Die „Fanni“ ist immer noch die „Fanni“
Das haben Moll, Bergmeier und ihr Team geschafft. Wer sich im Gastraum der „Fanni“ umsieht, merkt: Bayerischer und uriger geht es kaum mit Holzofen, Vorhängen und Dämmerlicht. Die „Fanni“ ist immer noch die „Fanni“ von damals, auch nach der Sanierung. Das war dem Team wichtig. Einige Tische im Gastraum sind noch aus Fanni-Zeiten und mussten vom Schreiner gegenüber lediglich auf Vordermann gebracht werden, die Stühle waren eine Spende. Die Fenster sind laut Bergmeier originalgetreu nachgebaut und würden nun energetischen Anforderungen genügen. „Die Gaststube ist das Herzstück unseres Dorfheims“, sagt Moll.
Ein Film über die „Fanni“
Die Entstehung des Dorfheims Fanni wurde von Dokumentarfilmer Hubert Neufeld (auf dem Foto links) dokumentiert. Als gebürtiger Pischelsdorfer kennt er die Geschichte der Fanni und rückt in seinem Film die Themen Wirtshausleben und -sterben in Bayern ins Rampenlicht. Weiterer Drehort war außerdem die Dorfwirtschaft Giggenhausen, die ebenfalls im Besitz einer Genossenschaft ist. GVB-Gründungsberater Max Riedl (auf dem Foto rechts) hat sowohl die Dorfheim Fanni eG als auch die Dorfwirtschaft Giggenhausen eG bei der Genossenschaftsgründung begleitet und tritt im Dokumentarfilm als Interviewpartner auf. Er berichtet darüber, wieso Genossenschaften eine gute Rechtsform sind, um Wirtshäuser am Leben zu halten. Der Film wird im kommenden Jahr erscheinen.

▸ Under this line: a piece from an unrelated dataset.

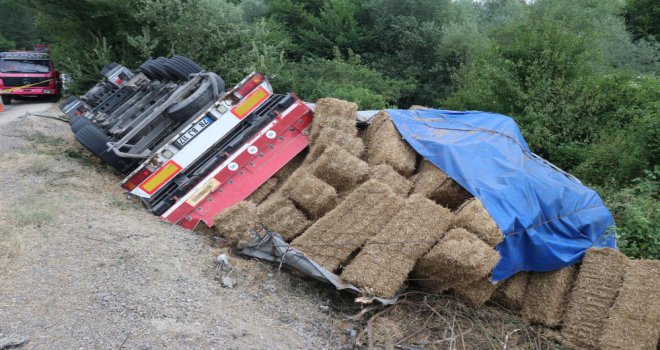 Şarampole devrilen tırın sürücüsü hayatını kaybetti...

Doch die „Fanni“ hat noch viel mehr zu bieten, wie in den anderen Gebäudeteilen zu sehen ist – Gastro-Küche, Kühlkammer und einen Stadl für Veranstaltungen. „Dort wird im kommenden Jahr meine Tochter ihre Hochzeit feiern“, erzählt Moll mit einem Lachen im Gesicht. Die Wirtschaft ist einmal die Woche geöffnet, Mitglieder der Genossenschaft stehen dann hinter dem Tresen, schenken aus und kellnern. Ansonsten kann die „Fanni“ gemietet werden – „zum Beispiel für Geburtstagsfeiern oder Stammtische“, sagt Moll.

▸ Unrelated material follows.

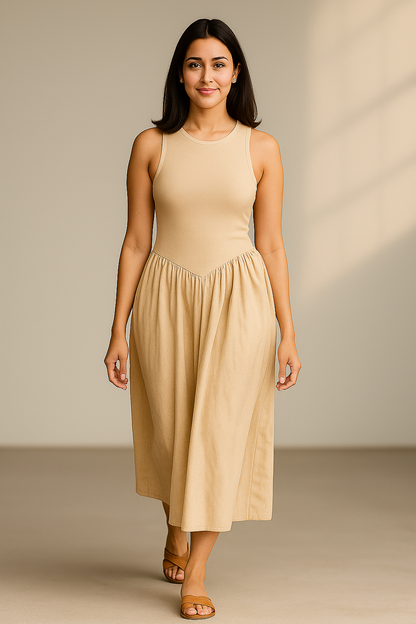 beige ærmeløs ankellang kjole med sidelommer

Wer sich heute in der „Fanni“ umschaut, kann kaum glauben, dass das Gebäude noch vor zwei Jahren ein verfallenes, altes Haus war. Nur mit viel Vorstellungsvermögen ließ sich erahnen, dass hier einmal eine Gastwirtschaft entsteht. „Es war der Wahnsinn, was bei der Renovierung zum Vorschein kam“, sagt Bergmeier und erinnert sich an feuchte Wände, Statik-Probleme und die aufwendige Sanierung des Dachstuhls beim angebauten Stadel. „Gott sei Dank hatten wir einen erfahrenen Architekten an unserer Seite, Franz Grahammer“, sagt Bergmeier. Allein der Architekt hätte das Team bestimmt 100.000 Euro gekostet, Grahammer verlangte keinen Cent, weil er als damaliger Kreisheimatpfleger des Landkreises Pfaffenhofen und als alteingesessener Pischelsdorfer vom Projekt überzeugt war.

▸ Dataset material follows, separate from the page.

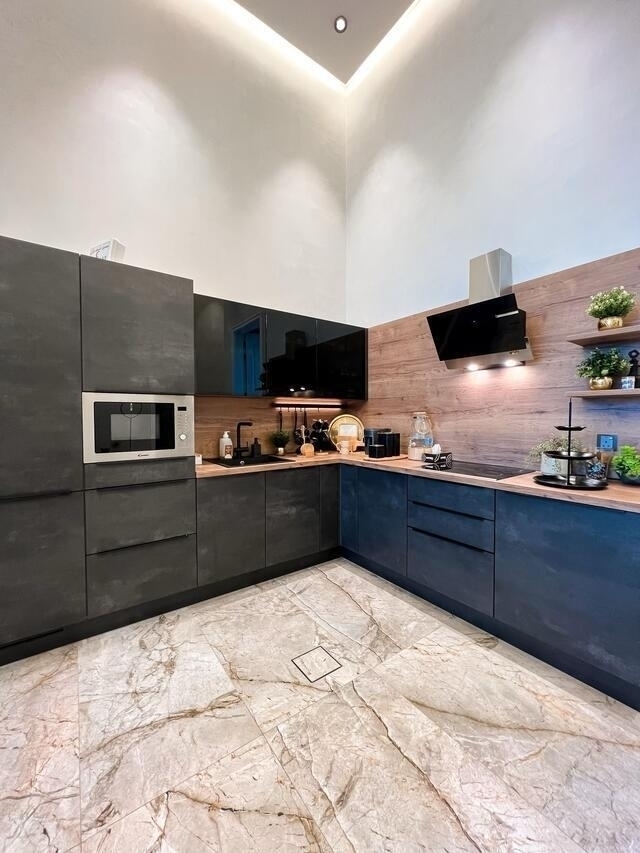 55 chalet   ( <i style='color:#B10622'> VVIP</i> )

Am 12. Juni 2021 war der erste Arbeitstag für das Team. Seitdem habe man jeden Samstag geschuftet. Insgesamt 70 Leute seien auf der Baustelle zugange gewesen, erzählen die beiden Vorstände. „Es war beeindruckend, wie groß der Zusammenhalt war“, sagt Moll. Aber nur so konnte es funktionieren: „Es braucht Menschen, die zu 100 Prozent hinter dem Projekt stehen“, gibt Bergmeier zu bedenken. Solche wie die beiden Vorstände. Menschen, die weitermachen, wo andere aufgeben würden.